0

This question is kind of long-detailed and took a lot of my time; hope you read it till end; thanks for your patience

I've find out that size of data in some programming languages like python isn't really matter, and they can store very big values like huge numbers; and then increase them to something even bigger.
I work with c and I know in that language, variables must have a particular type and size. To store huge integers (which is very bigger than the largest type in c), I know 2 different ways:

First method: Using char pointer and store each digit at particular index

  • First value of pointer can tell us the sign.
  • Pointer can stop at particular value (like \0 in strings but now we use $).

to store 123456789 pointer would be like this:

++++++++++++++++++++++++++++++++++++++++++++
| + | 1 | 2 | 3 | 4 | 5 | 6 | 7 | 8 | 9| $ |
++++++++++++++++++++++++++++++++++++++++++++
  ^                                      ^
  |                                      |
 sign                                 finisher

Second method: Using unsigned int pointer and store numbers like computers store binaries (I mean store them based on size of int)
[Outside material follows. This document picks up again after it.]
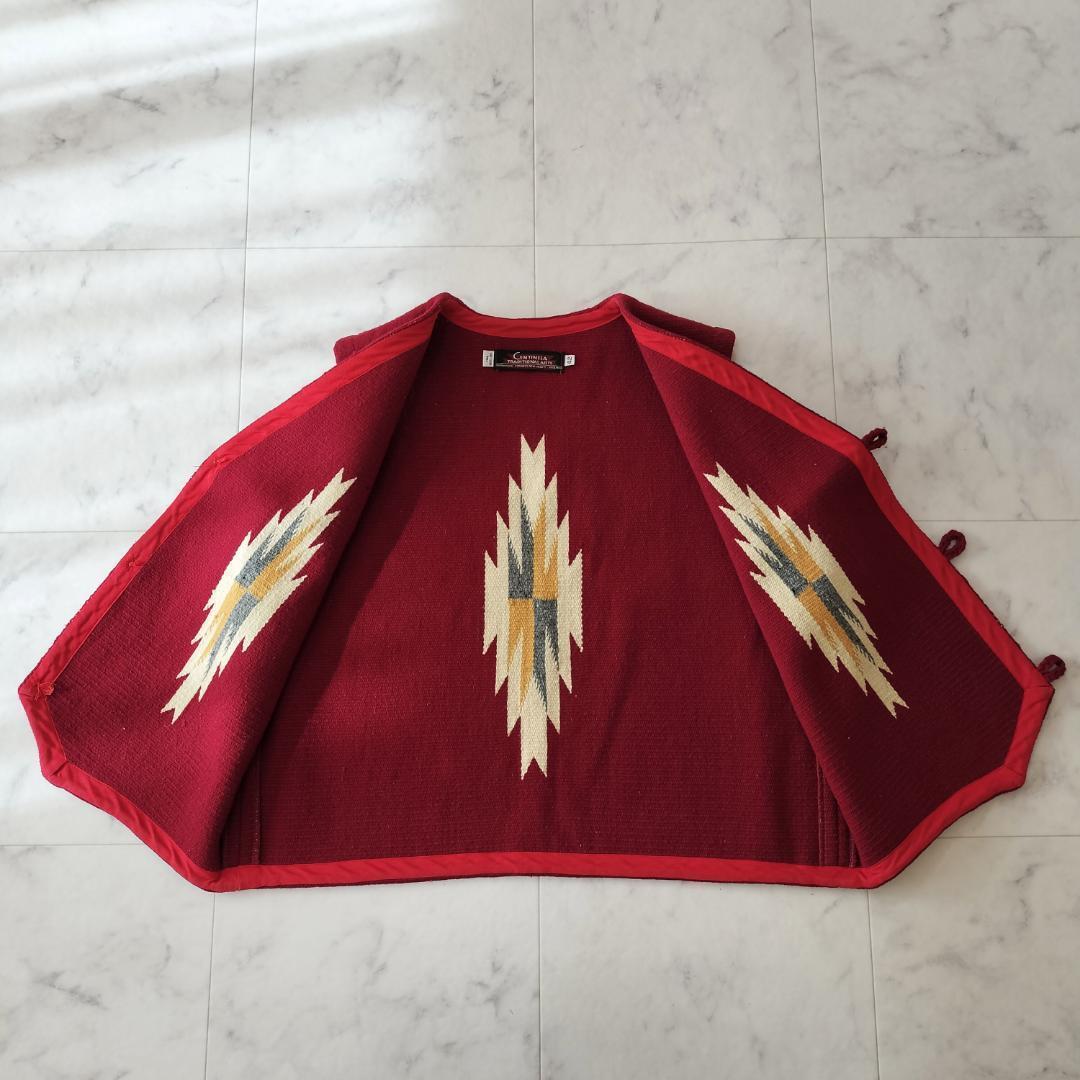 センチネラ 人気カラーレッド 42 XL ポインテッドチマヨベスト コンチョ メンズ Centinela POINTED VEST ラグベスト ORTEGA's オルテガ_画像3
  • First value of pointer can tell us the sign
  • Second value of pointer can tell us the length

to store 123456789 pointer would be like this:

// 123456789 MOD 2^32 = 123456789
+++++++++++++++++++++++++++++++++++
|     +     |     1     |123456789|
+++++++++++++++++++++++++++++++++++
  ^               ^           ^
  |               |           |
 sign           length      value

and to store something bigger like 9998877665544332211 the pointer would be as in below:

// 9998877665544332211 / 2^32 = 2328045122
// 9998877665544332211 MOD 2^32 = 2942002099
+++++++++++++++++++++++++++++++++++++++++++++++
|     +     |     2     |2942002099|2328045122|
+++++++++++++++++++++++++++++++++++++++++++++++
  ^               ^           ^         ^
  |               |           |         |
 sign           length        +---------+
                                   |
                                values

For simplification I don't use only first value of pointer to keep both sign and size.

issues:

  • If I use First method, it will waste a lot of memory (e.g. for 18-digit First method needs 20 bytes and Second method needs 16 bytes; the difference will be greater in bigger values).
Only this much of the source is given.